#### [Information provided]
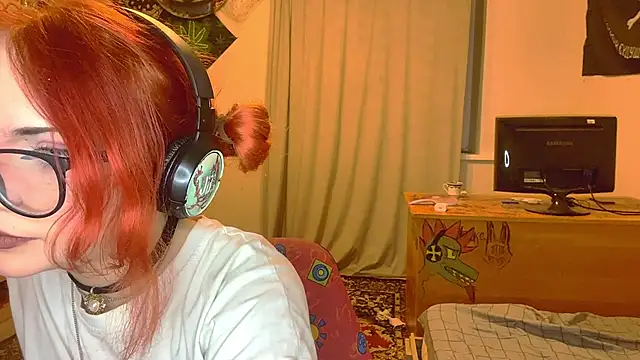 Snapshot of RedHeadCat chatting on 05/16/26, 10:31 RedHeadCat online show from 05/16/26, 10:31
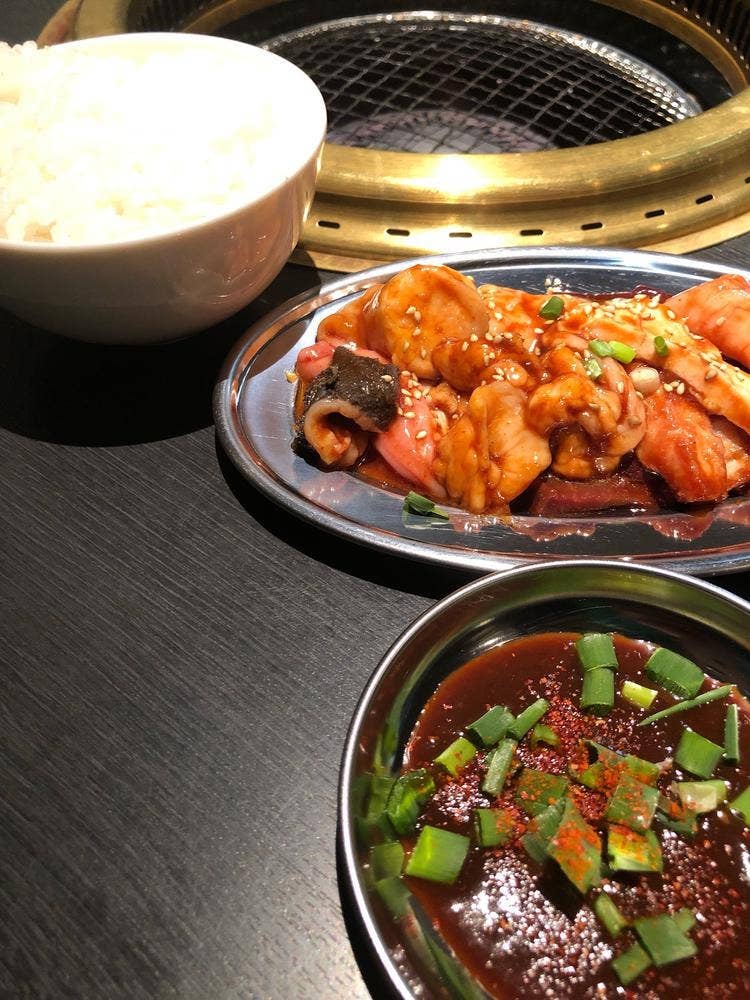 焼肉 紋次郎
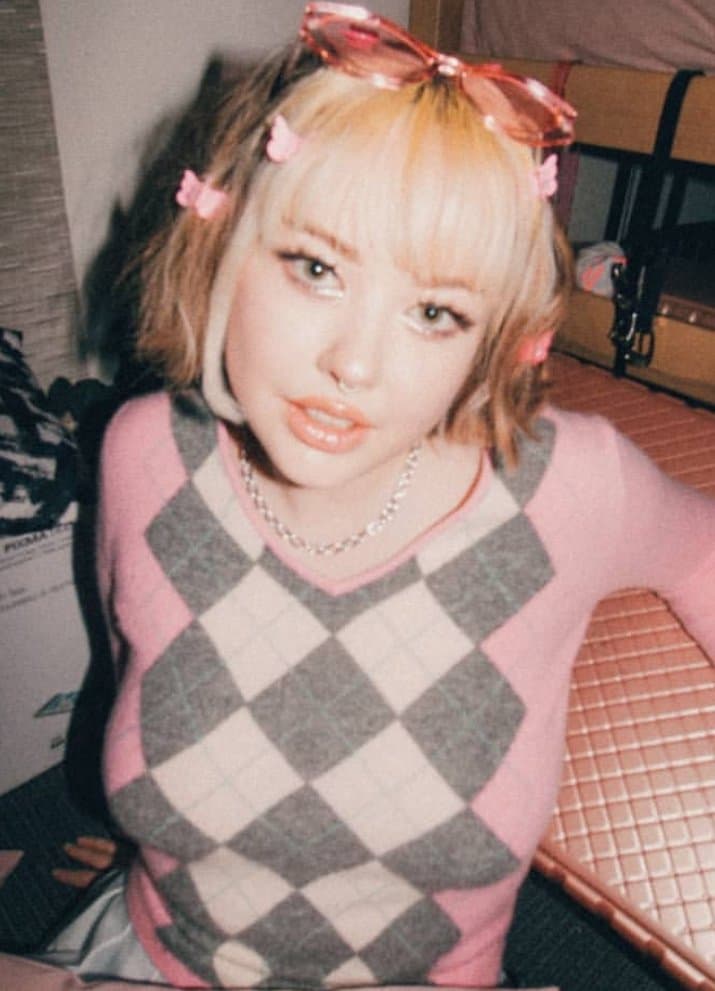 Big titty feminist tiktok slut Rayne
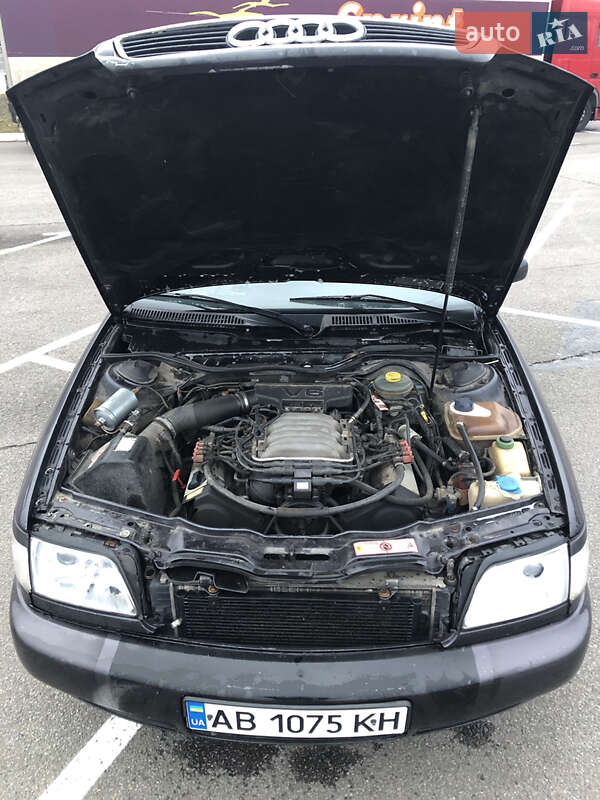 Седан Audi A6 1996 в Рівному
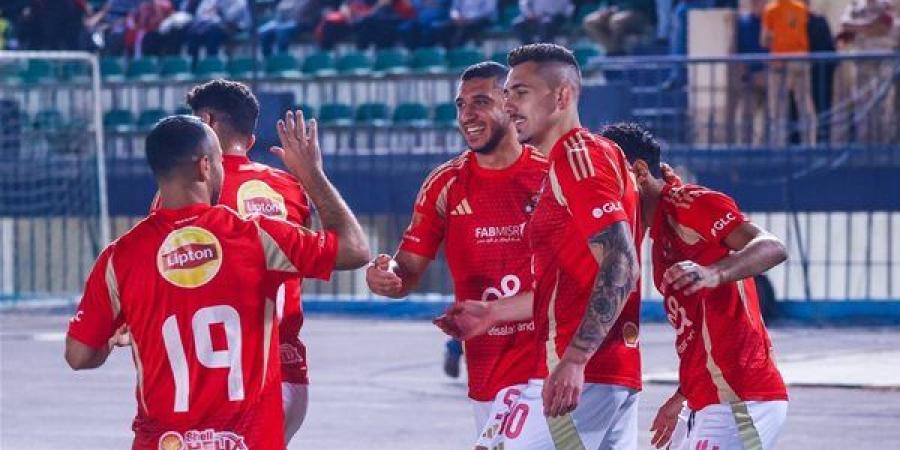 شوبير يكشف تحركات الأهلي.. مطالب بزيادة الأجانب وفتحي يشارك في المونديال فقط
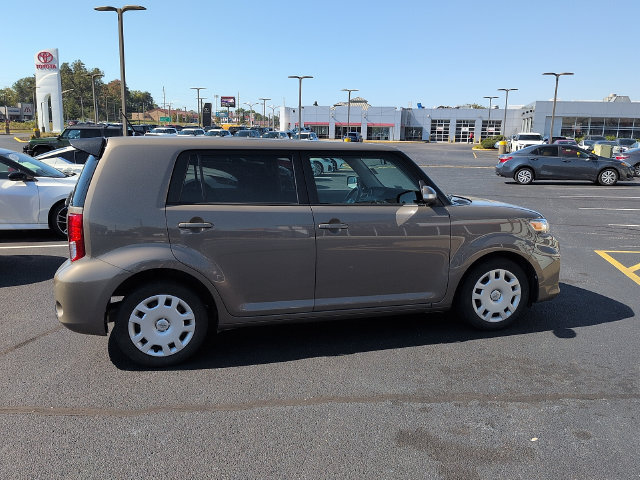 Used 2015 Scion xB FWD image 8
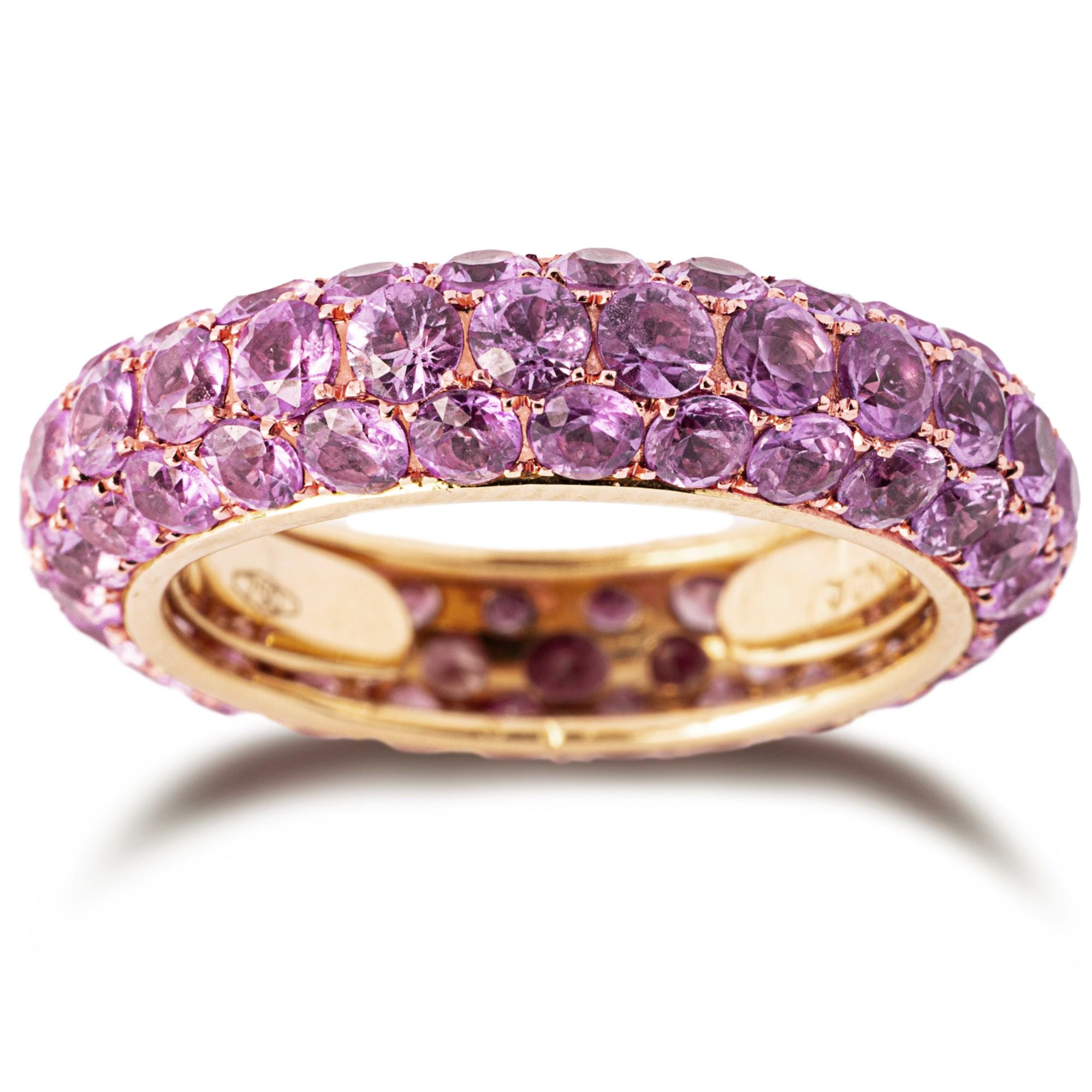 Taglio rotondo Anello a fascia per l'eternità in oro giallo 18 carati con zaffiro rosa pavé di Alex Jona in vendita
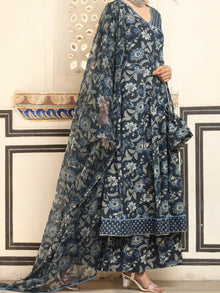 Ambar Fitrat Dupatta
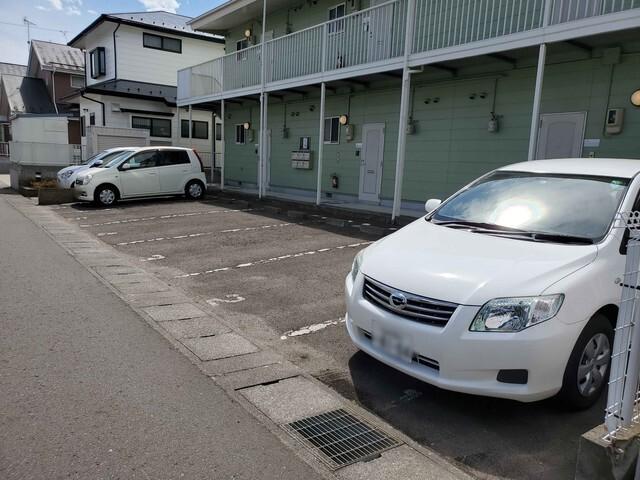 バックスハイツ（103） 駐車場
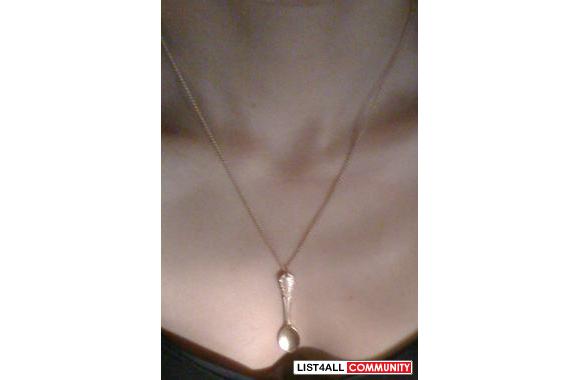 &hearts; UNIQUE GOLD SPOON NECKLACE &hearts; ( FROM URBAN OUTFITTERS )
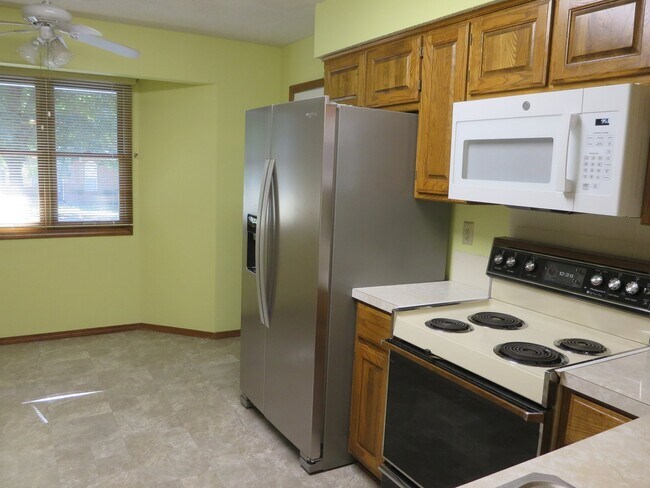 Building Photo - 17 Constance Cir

#### [Task brief]
The listing is to be repeated word for word, with all pictures omitted.

#### [Exercise solution]
 Snapshot of RedHeadCat chatting on 05/16/26, 10:31 RedHeadCat online show from 05/16/26, 10:31
 焼肉 紋次郎
 Big titty feminist tiktok slut Rayne
 Седан Audi A6 1996 в Рівному
 شوبير يكشف تحركات الأهلي.. مطالب بزيادة الأجانب وفتحي يشارك في المونديال فقط
 Used 2015 Scion xB FWD image 8
 Taglio rotondo Anello a fascia per l'eternità in oro giallo 18 carati con zaffiro rosa pavé di Alex Jona in vendita
 Ambar Fitrat Dupatta
 バックスハイツ（103） 駐車場
 &hearts; UNIQUE GOLD SPOON NECKLACE &hearts; ( FROM URBAN OUTFITTERS )
 Building Photo - 17 Constance Cir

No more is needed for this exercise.